Back in my 20's I was oh-so-confident. I was unbudging and unyielding in the beliefs and ideas that I held dear. I lived my life with conviction that my choices were right and good and true. They say (or rather He says) that pride goes before a fall. And boy did I fall.
I found myself in the midst of a very abusive and controlling spiritual situation. It didn't happen overnight...it happened over a period of years. This was years of my spiritual life and beliefs being slowing eroded and undermined and replaced by someone else's way of thinking. After I left this situation, I was a spiritual and emotional and physical train-wreck. Post-traumatic stress disorder in all of its ugliness. I had been broken and humbled. I had been the one who knew I would never fail at anything in life...and now all that self-righteous pride was shattered. I had failed as a wife, a mother, a family member, a friend, and as a follower of Jesus.

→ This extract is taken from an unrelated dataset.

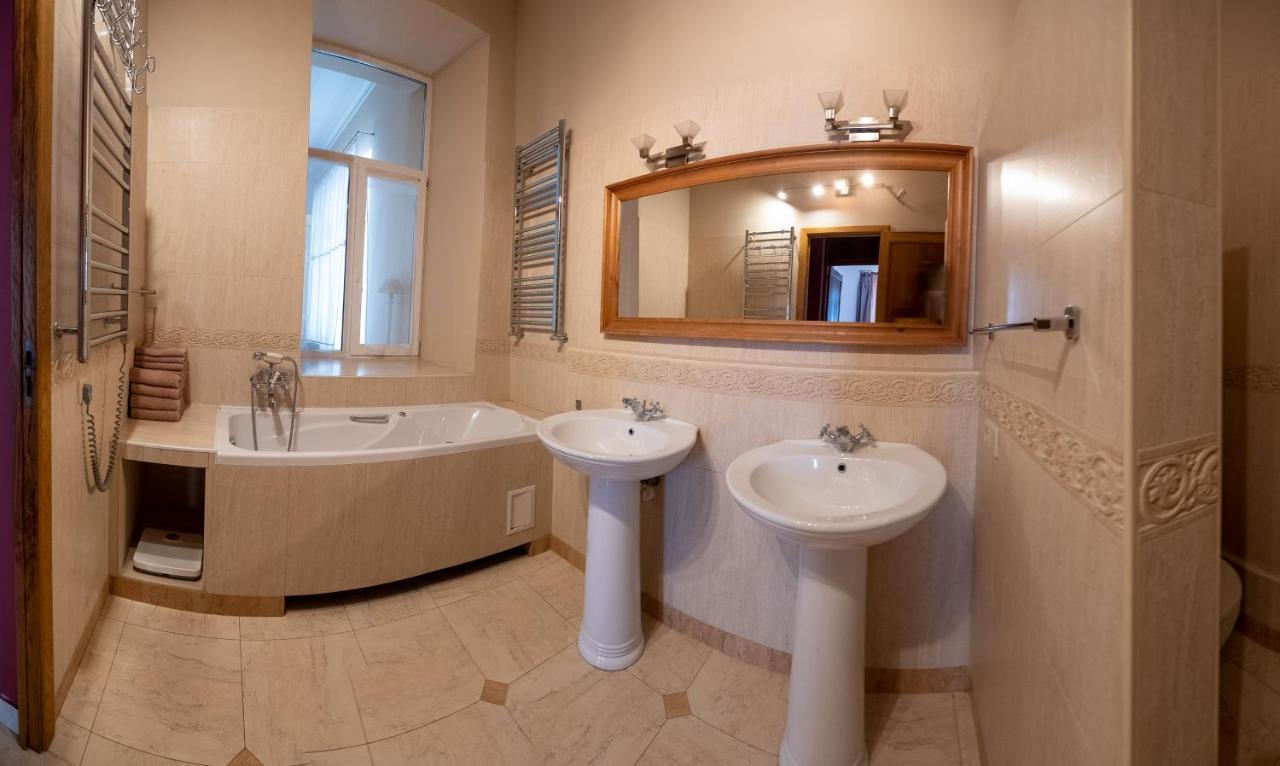 Great 144 Sq.M. Apartment In The Center Of 키예프 외부 사진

The good news was that my "failure" brought me to a place where I could finally taste the goodness and greatness and sweetness of the grace of the Gospel of Jesus.
However, an unfortunate consequence of that situation has been that I don't trust myself or my decision-making. I realize how easily I can be deceived so I want to live humbly and trusting in God. In every decision that we make (whether it's about work or housing or education or ministry or whatever), I feel a bit terrified. I wonder and question whether or not I am hearing God or being misled by man's teaching or following a self-path. As a result, I find it difficult to find joy in the paths that we have chosen because I fear that I am being duped.
This double-mindedness is wearing me down. I want to walk in a humble confidence in the paths that we have chosen through prayer and process. I want to have clear, singular focus and not anxiety, questioning, guessing at every turn. I want to trust God's gentle lead and the intuitive gut that He has given me (that I rejected and ignored over and again through the years). I want to rest in the truth that even when I fail, His gentle correction is there to steer me back to straight paths.
I want to walk by faith. And faith is tough when you had faith in lies that you thought were truth. My faith has to ultimately be in the Person of Jesus and not in my decisions, ideals, or lifestyle. Looking to Him as my Shepherd is the only Way. He really is THE Way, THE Truth, THE Life. So when the doubts and questions come, I look at Him. And I seek to follow Him in His character and ways....and trust in the freedom that He has given His children to choose many different paths/lifestyles all of which can glorify Him and keep us humble in the process.